[[ Dataset entries open ]]

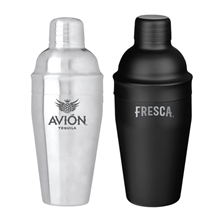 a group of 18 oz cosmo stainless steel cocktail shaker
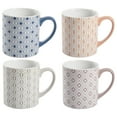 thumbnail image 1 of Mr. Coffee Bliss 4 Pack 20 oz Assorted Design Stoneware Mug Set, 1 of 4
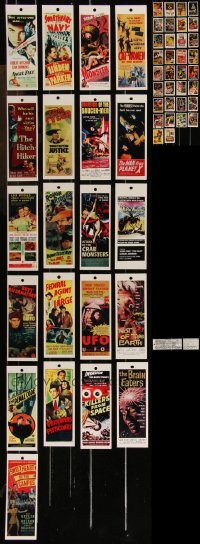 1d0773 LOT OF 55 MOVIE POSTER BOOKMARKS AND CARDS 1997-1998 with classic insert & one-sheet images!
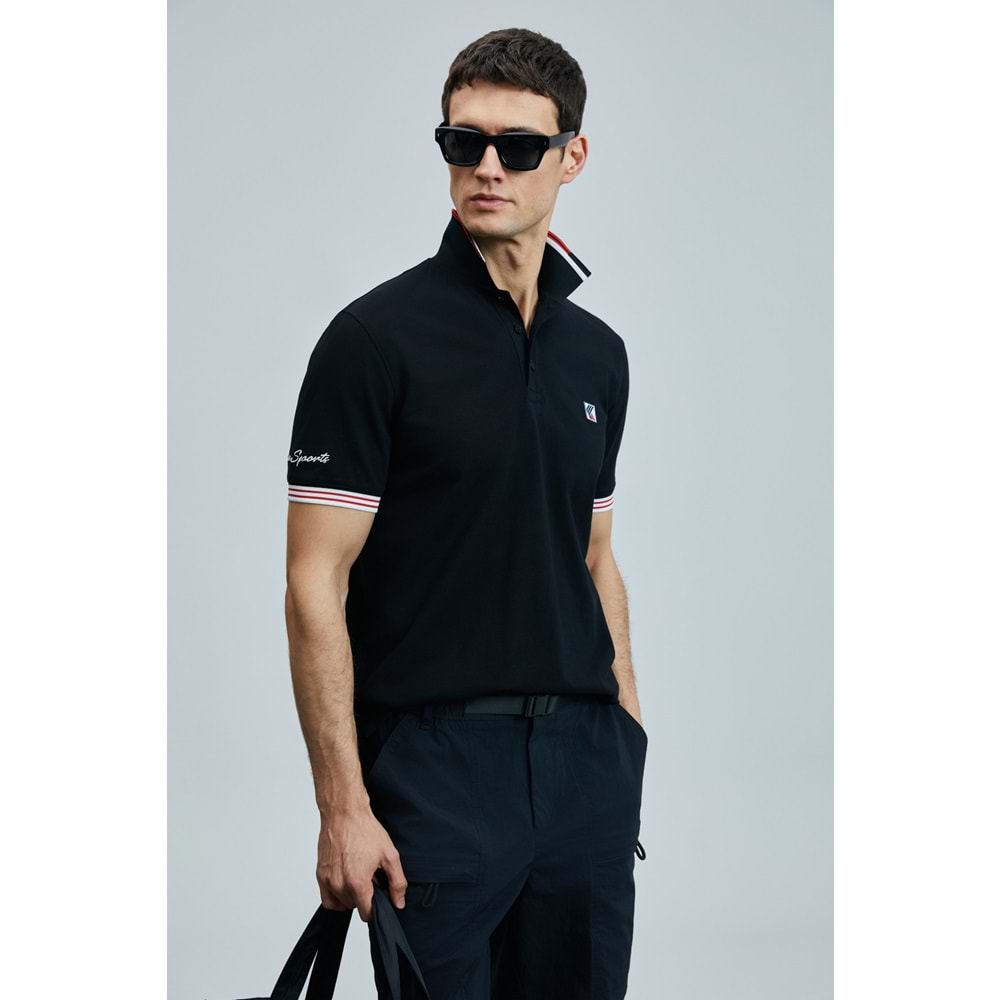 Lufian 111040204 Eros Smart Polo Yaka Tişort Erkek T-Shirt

[[ Dataset entries closed ]]
[[ Dataset entries open ]]

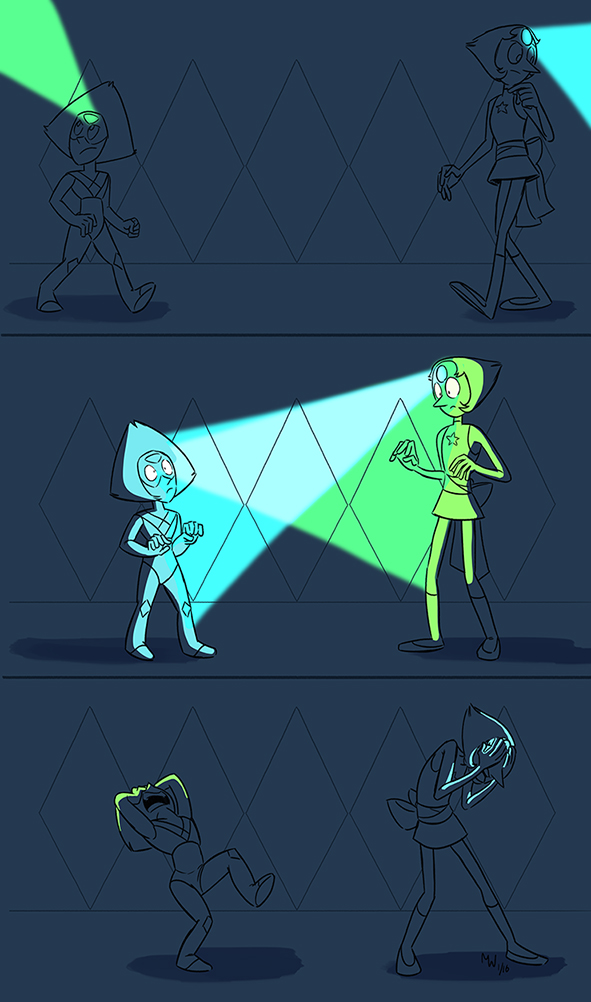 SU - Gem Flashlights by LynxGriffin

[[ Dataset entries closed ]]

* Exercise objective *
An exact transcription is needed of the lines from the one with "a group of 18" to the one with "1d0773 LOT OF" above, both ends included, with pictures left out.

* Answer to this exercise *
 a group of 18 oz cosmo stainless steel cocktail shaker
 thumbnail image 1 of Mr. Coffee Bliss 4 Pack 20 oz Assorted Design Stoneware Mug Set, 1 of 4
 1d0773 LOT OF 55 MOVIE POSTER BOOKMARKS AND CARDS 1997-1998 with classic insert & one-sheet images!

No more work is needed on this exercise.